Ideal Maia is also one of the spokespersons for the movement. She is 21 years old and is a Physics student at the Faculty of Sciences of the University of Lisbon, but she doesn’t know for how long. She says she still hasn’t paid any tuition this year and will have to drop out of college, but she considers herself “lucky to still be able to turn on the heater”. She guarantees that, on April 26, school and university occupations will return, similar to what happened in November 2022. “We do not occupy because it is fun, but because the future for which the school prepares us no longer exists” , she confessed. “The government and companies leave us no choice.”
What Ideal and everyone who joins her wants is “to mobilize society to put an end to fossil fuels and for energy democracy”. Dinis Costa also hopes that more people will join “for an action” that will take place after the spring occupations, in an attempt to block the “main entrance” of fossil gas in Portugal: the liquefied natural gas terminal in the port of Sines, managed by REN.
The aim is for this to be “the biggest act of civil resistance that a climate justice movement has ever staged in this country”. Sitting on the road in front of REN, on Avenida Estados Unidos da América, the demonstrators protested, spoke and appealed for more people to join this action on the “Stop Gas” platform, scheduled for 13 May.
During the strike, some party representatives appeared to support the student movement. Isabel Carmo, from PAN, underlined that the party is on the side of the “fight against climate change” and criticized that the Basic Climate Law was launched a year ago and “remains unregulated”, despite having “norms that are necessary and urgent”.

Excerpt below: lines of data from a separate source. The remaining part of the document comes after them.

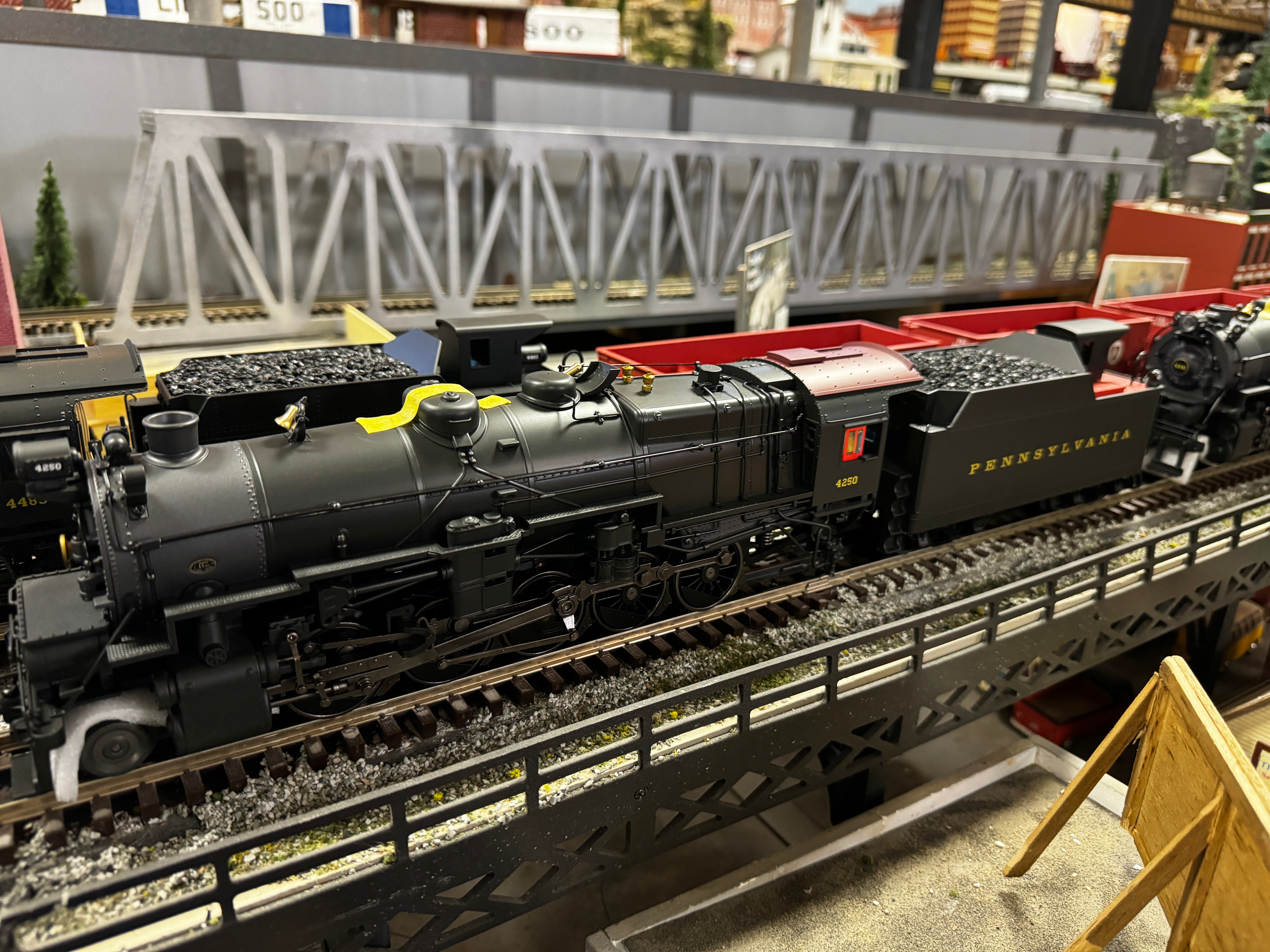 Lionel 2331362 - Legacy I1 Steam Locomotive "Pennsylvania" #4250
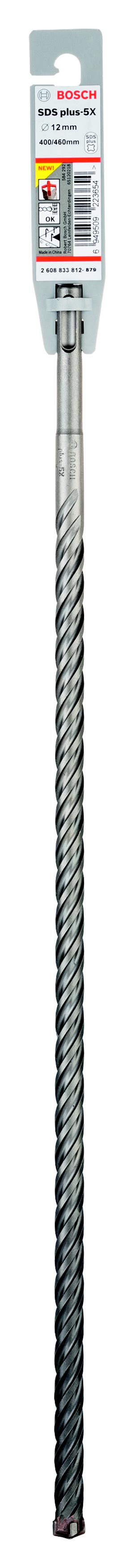 

Бур BOSCH, Ф12х460мм SDS Plus (2608833812)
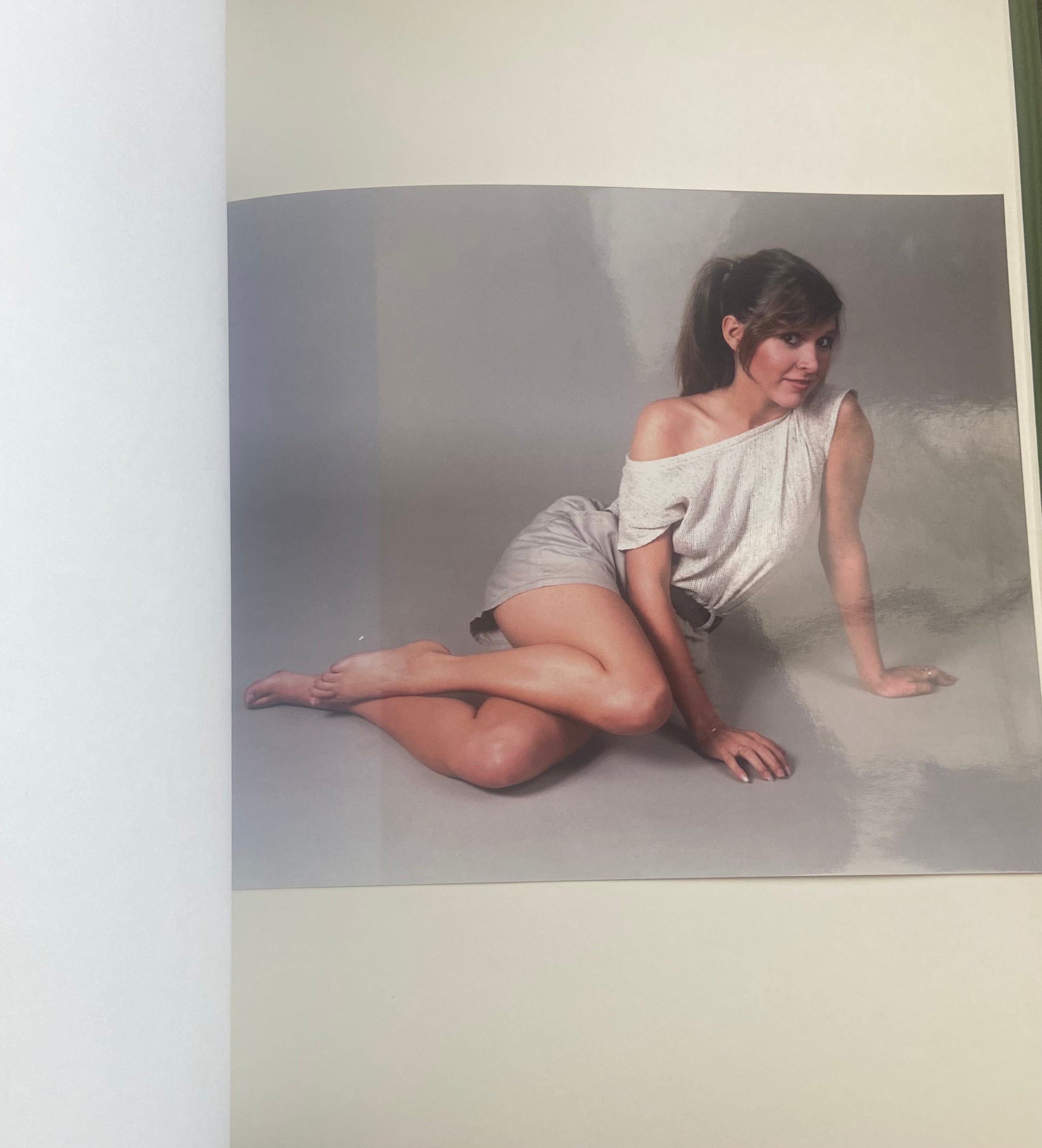 Debbie Reynolds Personal Family Album Scrapbook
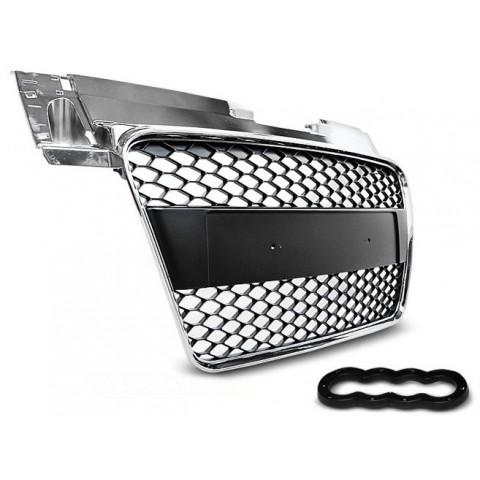 GRILLE SPORT CHROME FITS AUDI TT 06-14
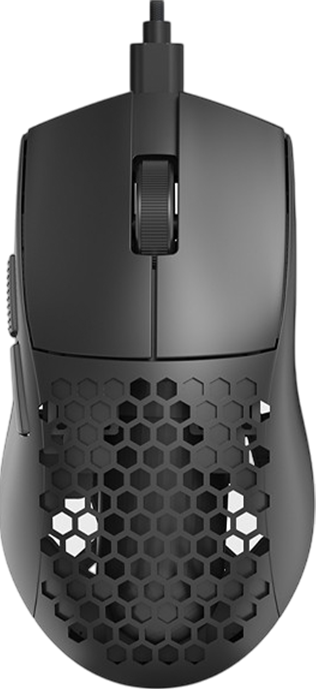 Redragon M617-LIT Honeycomb Bloodhound Wired Gaming Mouse - Black  for sale in Egypt from Games2Egypt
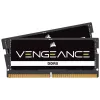 Corsair Vengeance SO-DIMM 64 GB DDR5-5600 (2x 32 GB) Dual-Kit, melns, CMSX64GX5M2A5600C48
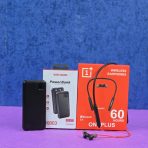 VEN-DENS 10000mAh Super Fast Charging Power Bank. OnePlus Wireless Neckband - Image 3
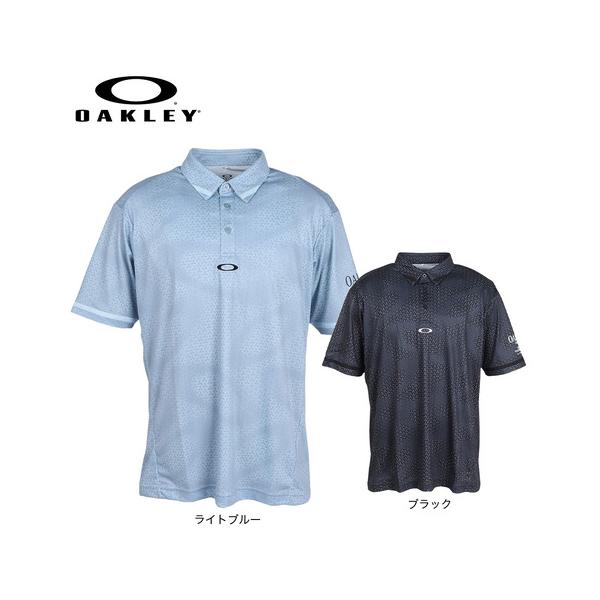 OAKLEY（オークリー） （メンズ）ゴルフウェア 吸汗速乾 接触冷感 半袖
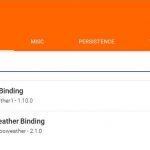 openHAB 2 - Binding und Widget für Infos zum Wetter 2 openHAB 2 - Wetter Liste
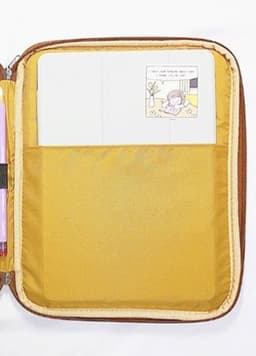 image-Compatible with Apple, Embroidery Toast Ipad Tablet Laptop Liner Bag 11 Inch 13 Inch Digital Storage Bag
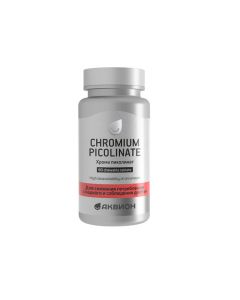 Buy Aquion 'Chromium Picolinate' vitamin complex, 60 chewable tablets | Florida Online Pharmacy | https://florida.buy-pharm.com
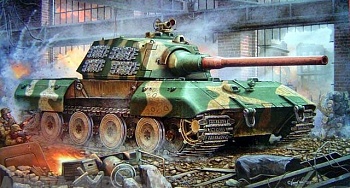 00384 Немецкий сверхтяжелый танк Е-100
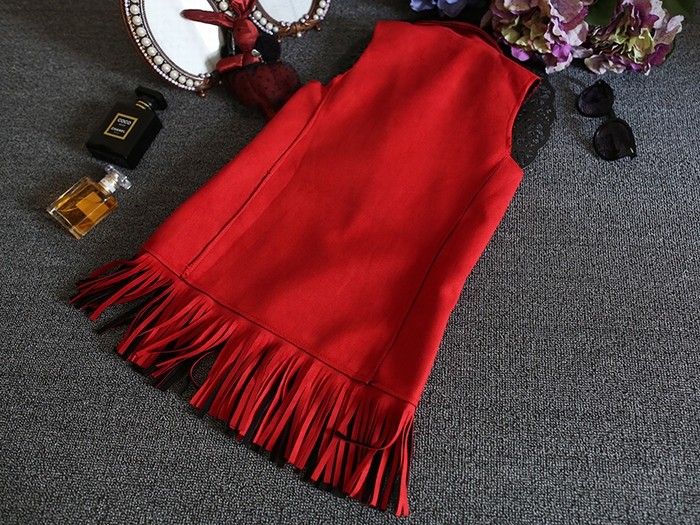 Gilet fille en cuir - Ref 2070739 Image 29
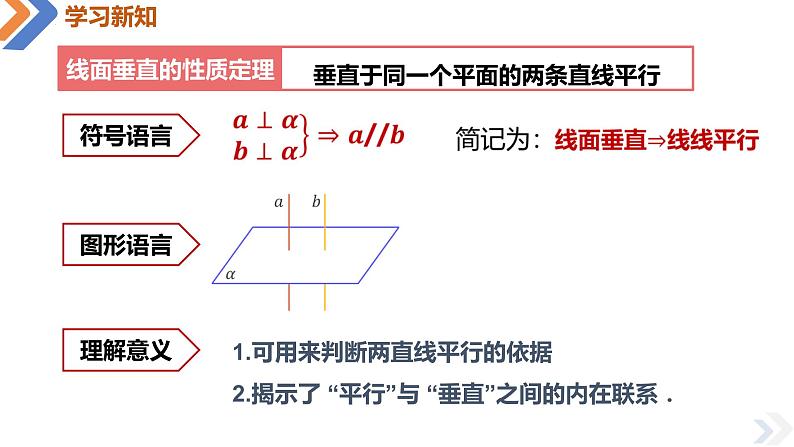 8.6.2直线与平面垂直（第2课时）-高中数学同步精讲课件（人教A版2019必修第二册）08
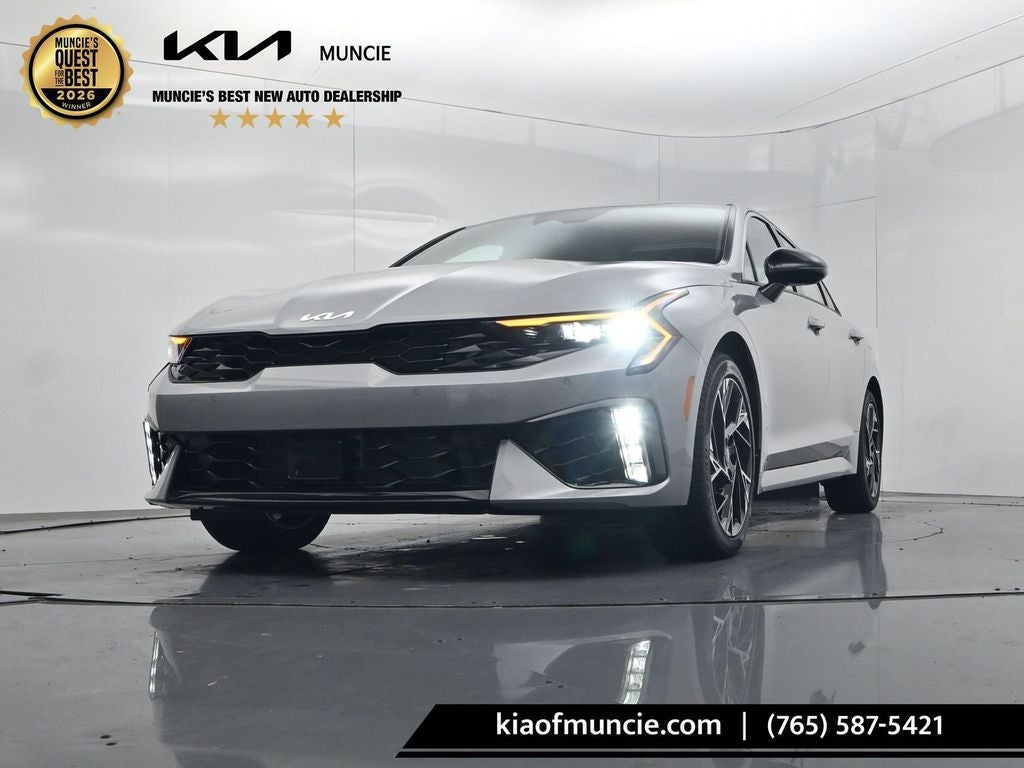 2026 Kia K5 GT-Line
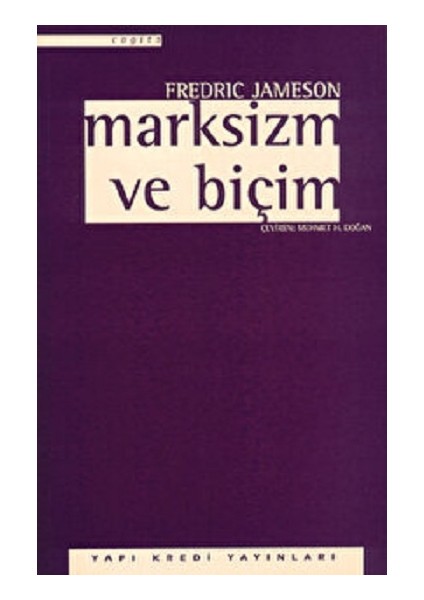 Marksizm ve Biçim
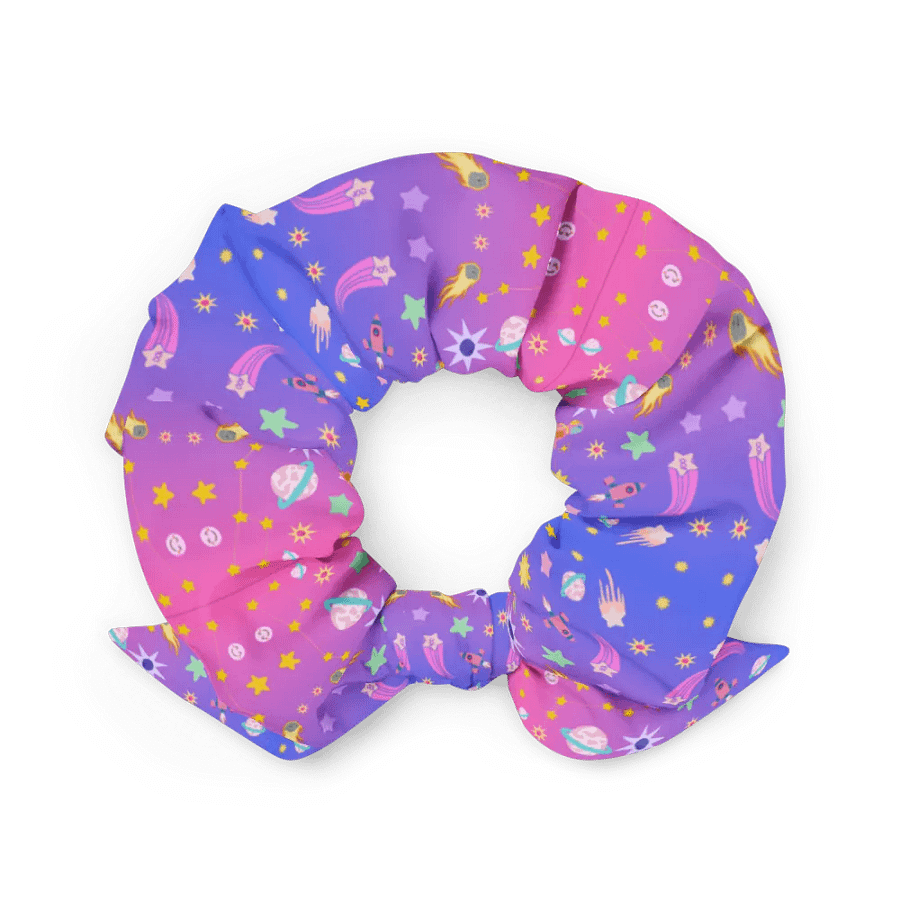 Space Scrunchie product image (2)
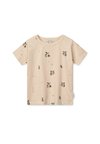 APIA SHORTSLEEVE UNISEX - Print T-shirt - sea shell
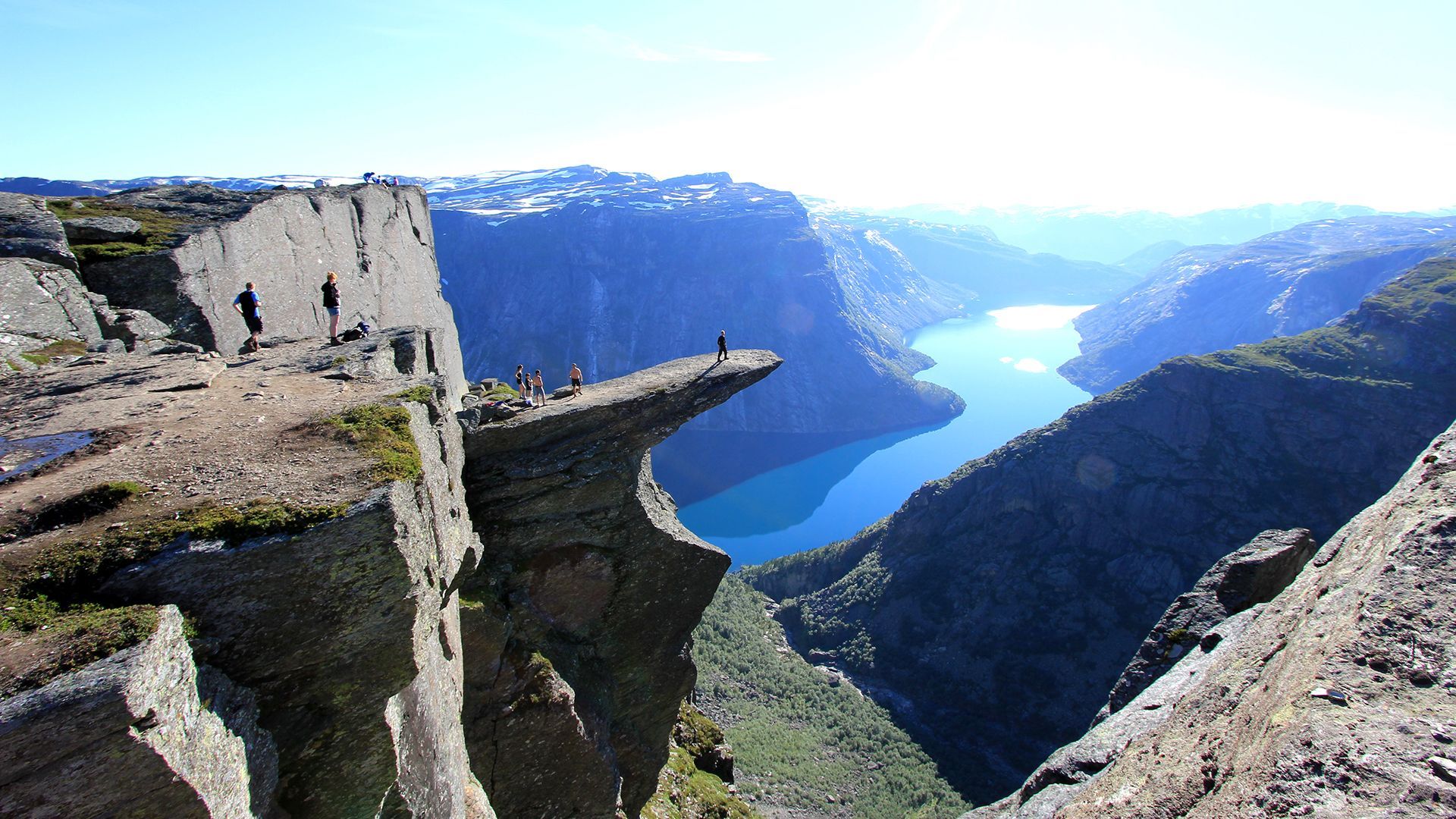 Trolltunga in Odda, #Norway #AmazingPlacesOnEarth #Nature #landscape. Norway places to visit, Norway landscape, Norway travel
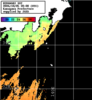 ひまわり人工衛星:神奈川県近海,05:59JST,1時間合成画像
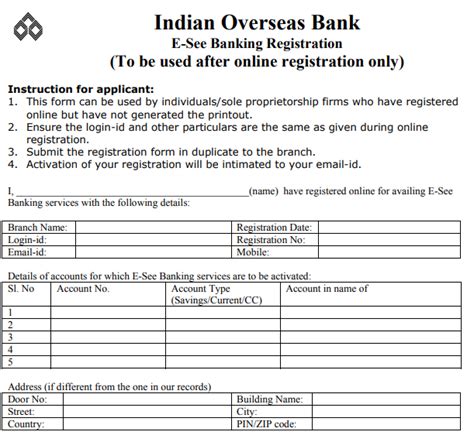 Iob Bank Rtgs Form 2021 2022 Eduvark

From the Bloco de Esquerda side, Pedro Filipe Soares says that these young people “are the adults in the room”. “They demand what we all should demand, but unfortunately the political powers don’t want to listen to them”. He also left criticisms of the Government which, he warns, “has allowed these large economic groups all the benefits in this context” and considers that “bolder policies” have been lacking.